Reproduce the data below word for word, setting aside any picture it holds.

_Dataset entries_

• • •

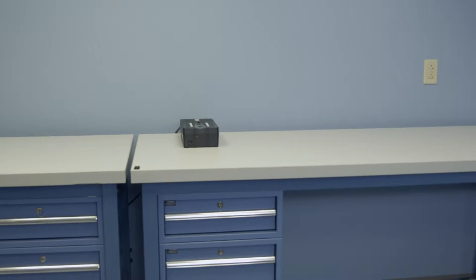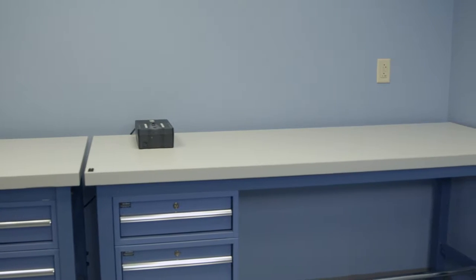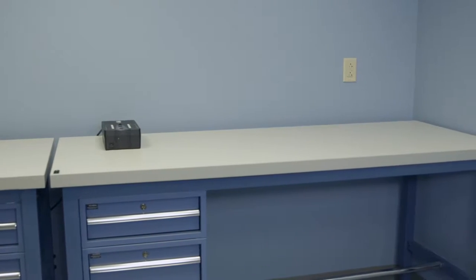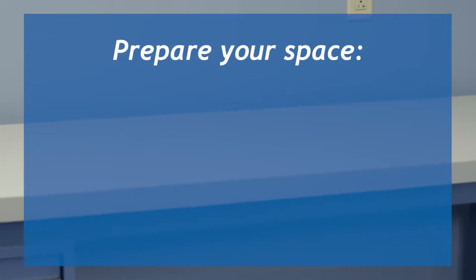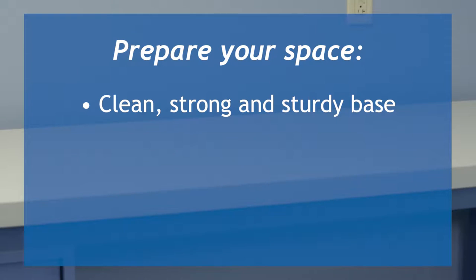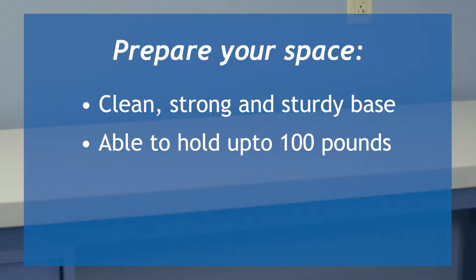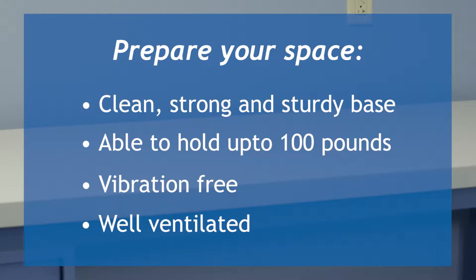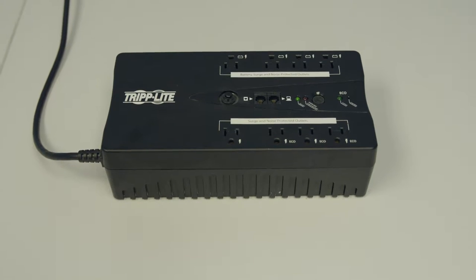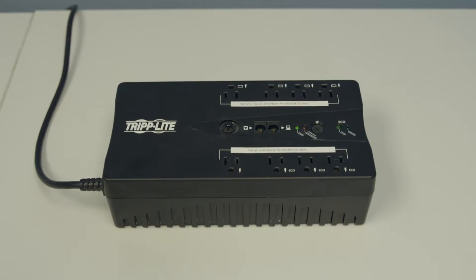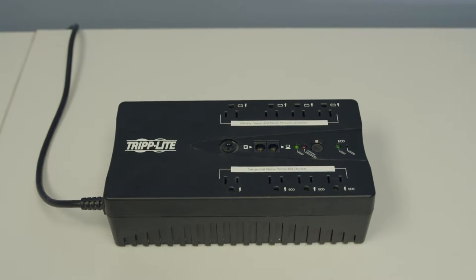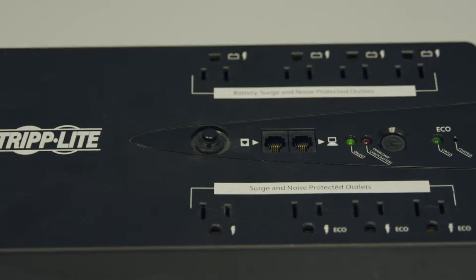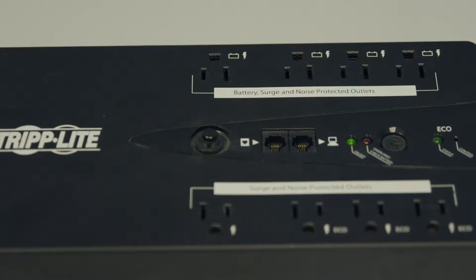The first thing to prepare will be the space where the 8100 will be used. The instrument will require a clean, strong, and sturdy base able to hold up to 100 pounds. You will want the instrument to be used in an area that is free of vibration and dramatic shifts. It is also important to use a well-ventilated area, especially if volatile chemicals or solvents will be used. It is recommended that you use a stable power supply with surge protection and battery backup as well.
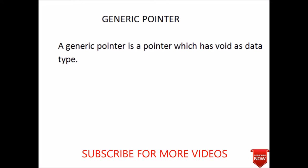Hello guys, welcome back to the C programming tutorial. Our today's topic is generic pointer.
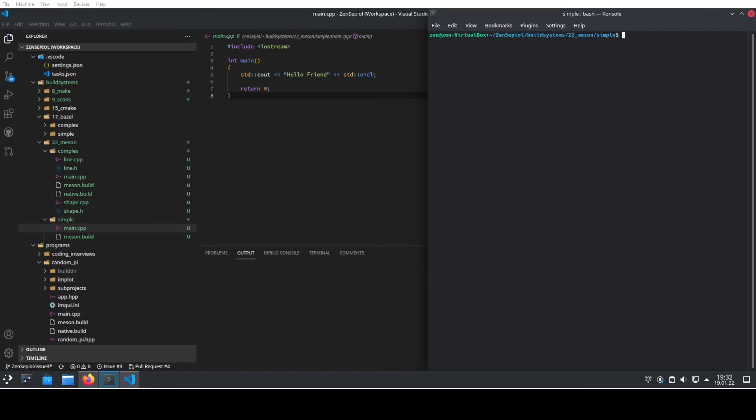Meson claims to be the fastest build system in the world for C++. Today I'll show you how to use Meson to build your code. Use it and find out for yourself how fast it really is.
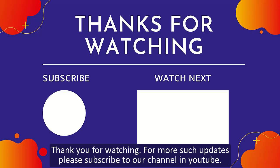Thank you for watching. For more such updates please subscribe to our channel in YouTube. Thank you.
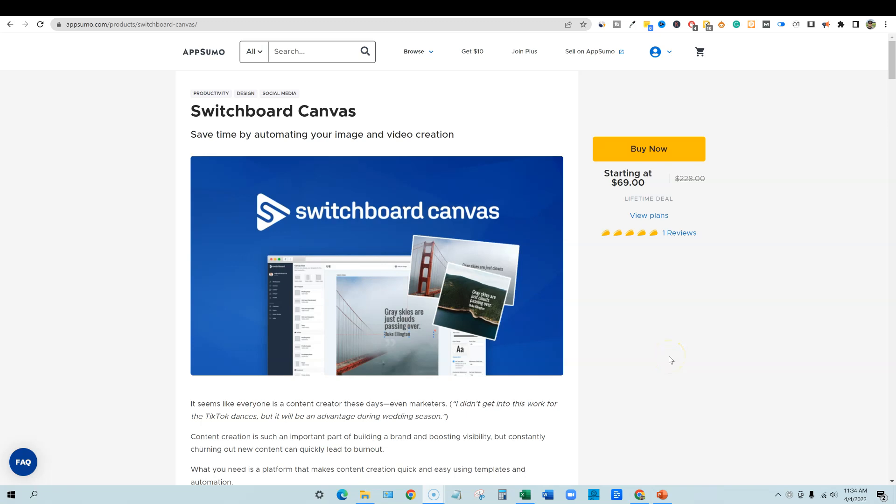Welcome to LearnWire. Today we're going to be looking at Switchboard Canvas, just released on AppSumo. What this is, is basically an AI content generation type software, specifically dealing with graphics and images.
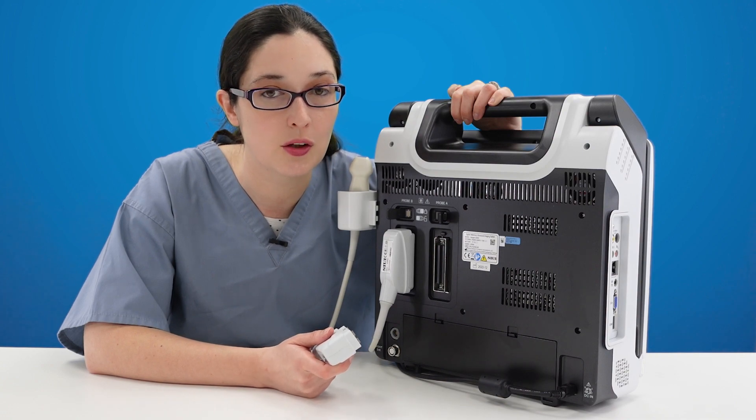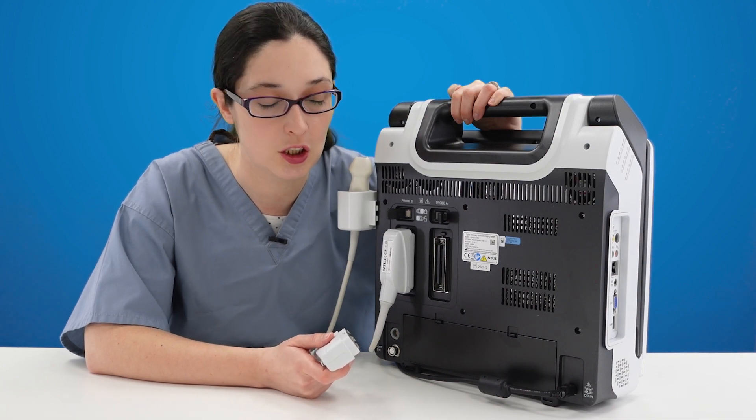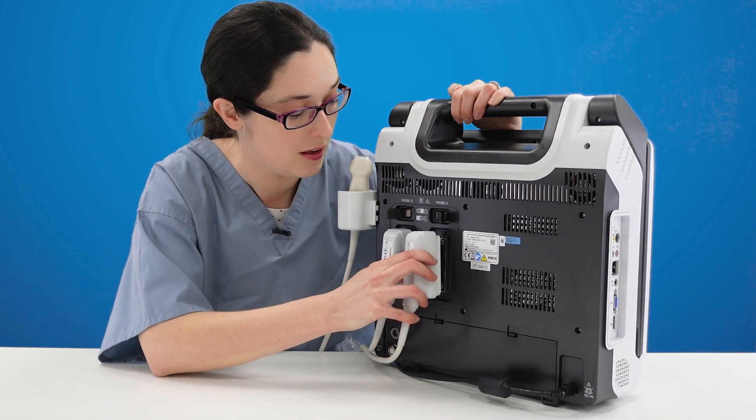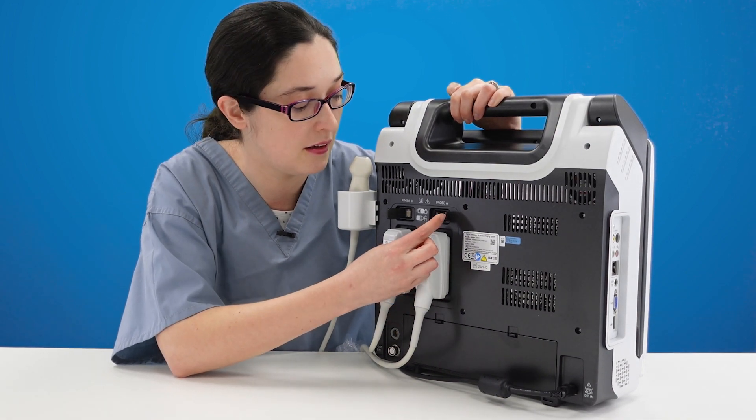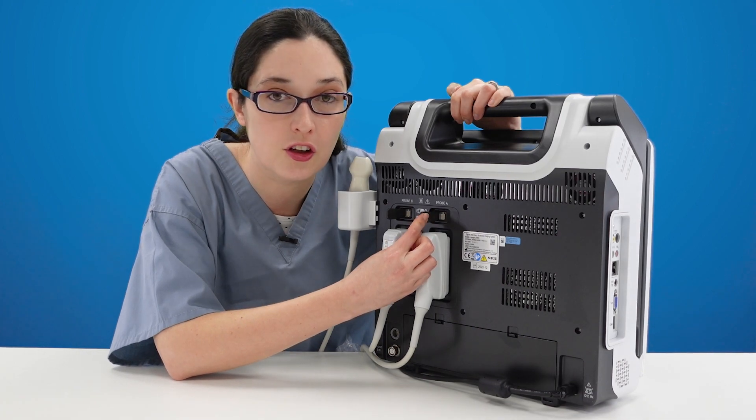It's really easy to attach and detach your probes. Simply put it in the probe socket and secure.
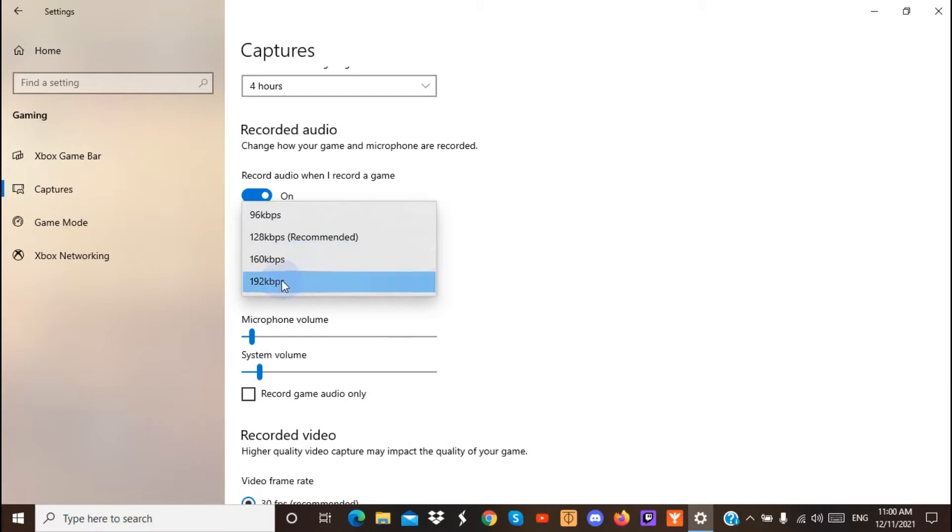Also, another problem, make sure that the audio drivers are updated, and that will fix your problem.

• • •

_Your solution_
The first thing to prepare will be the space where the 8100 will be used. The instrument will require a clean, strong, and sturdy base able to hold up to 100 pounds. You will want the instrument to be used in an area that is free of vibration and dramatic shifts. It is also important to use a well-ventilated area, especially if volatile chemicals or solvents will be used. It is recommended that you use a stable power supply with surge protection and battery backup as well.
Hello guys, welcome back to the C programming tutorial. Our today's topic is generic pointer.
Meson claims to be the fastest build system in the world for C++. Today I'll show you how to use Meson to build your code. Use it and find out for yourself how fast it really is.
Thank you for watching. For more such updates please subscribe to our channel in YouTube. Thank you.
Welcome to LearnWire. Today we're going to be looking at Switchboard Canvas, just released on AppSumo. What this is, is basically an AI content generation type software, specifically dealing with graphics and images.
It's really easy to attach and detach your probes. Simply put it in the probe socket and secure.
Also, another problem, make sure that the audio drivers are updated, and that will fix your problem.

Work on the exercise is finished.